In the US, negative interest rates usually occur only at the Federal level (as a way to get commercial banks to borrow more money from the government to lend to consumers, small businesses, etc) but rarely, if ever, get charged to consumers depositing their money into their local bank. I understand the utility of it in the game as a way to keep players from hoarding their cash, but frankly, if it’s going to exist, I think it should be a lot more onerous and should probably be tied to the amount of cash you are sitting on (the more you have, the more you are charged). I haven’t tested it, so maybe it already works like that, but it feels like by the time Uncle Fred mentions it, you usually have enough money that you don’t really miss that 1.5% (or whatever it is). Now, if I were losing 10% or more, you can bet I’d be investing it in stocks and new businesses (or just gambling it away, buying cars and yachts, etc).

My own thoughts are that LOANS are too easy to get, when reality says it would be otherwise. The game would be slowed down in the early stages (something I prefer as it changes the tasks needed to break out of the lower level), making it more difficult to achieve your second store, or to put stock into a larger store, and I think that making the Second Phase Business Diploma more difficult at the school would also help change the dynamics to a slower growth model.

I tried my own challenges of having NO LOANS ALLOWED and starting with ZERO cash, but this was TOO MUCH in that direction of playing a SLOWER GROWTH game, so somewhere in the middle lies the balance.
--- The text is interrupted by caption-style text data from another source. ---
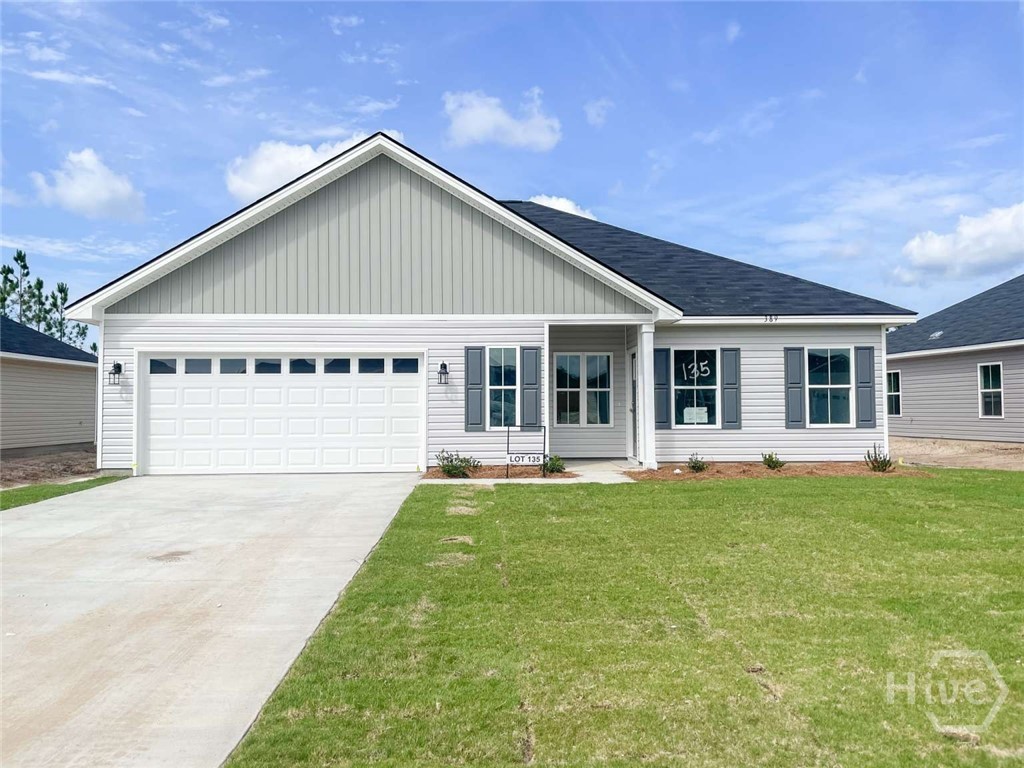 126 Calhoun Way Northeast Ludowici, GA 31316 - Photo 1 of 3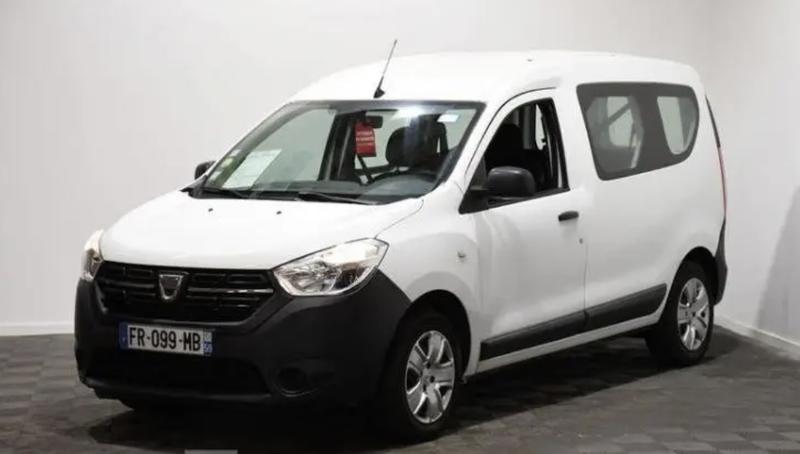 Dacia Dokker Dci 75 cv essentiel 5 places Bluetooth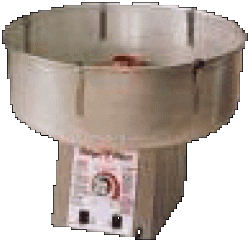 COTTON CANDY MACHINE
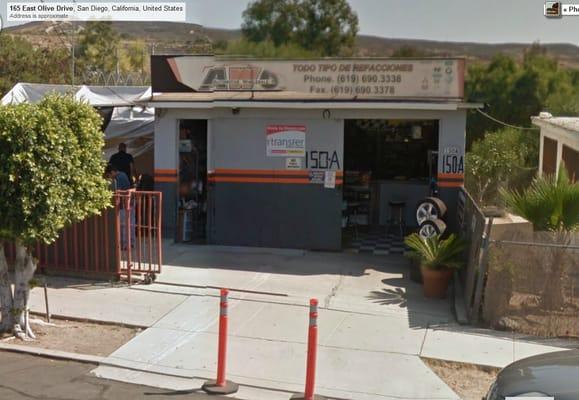 Automotive Wholesale Center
JENSEN BANK would certainly be OK with lending a few thousand dollars to someone with a job an address, premises and initial enrolment in Basic Business at school, so having all four of those options might get you a 20,000 LOAN for example to get you started, with growth and careful money management being essential to get to the second level.

SECOND LEVEL lending might be linked to having the previous four requirements, plus additional requirements of a LIMIT of ten times the cash in your bank, or possibly ten times the weekly profit from your businesses, stopping when you reach JENSEN’s limit of 40,000 borrowed.

VANTANDER could then limit you to FIVE TIMES your weekly profit but for larger amounts up to 800,000, meaning you need to open more small stores and grow more slowly before you qualify for the big bucks to get into larger Midtown premises (again my favourite way of making progress is with slow growth in the early phases).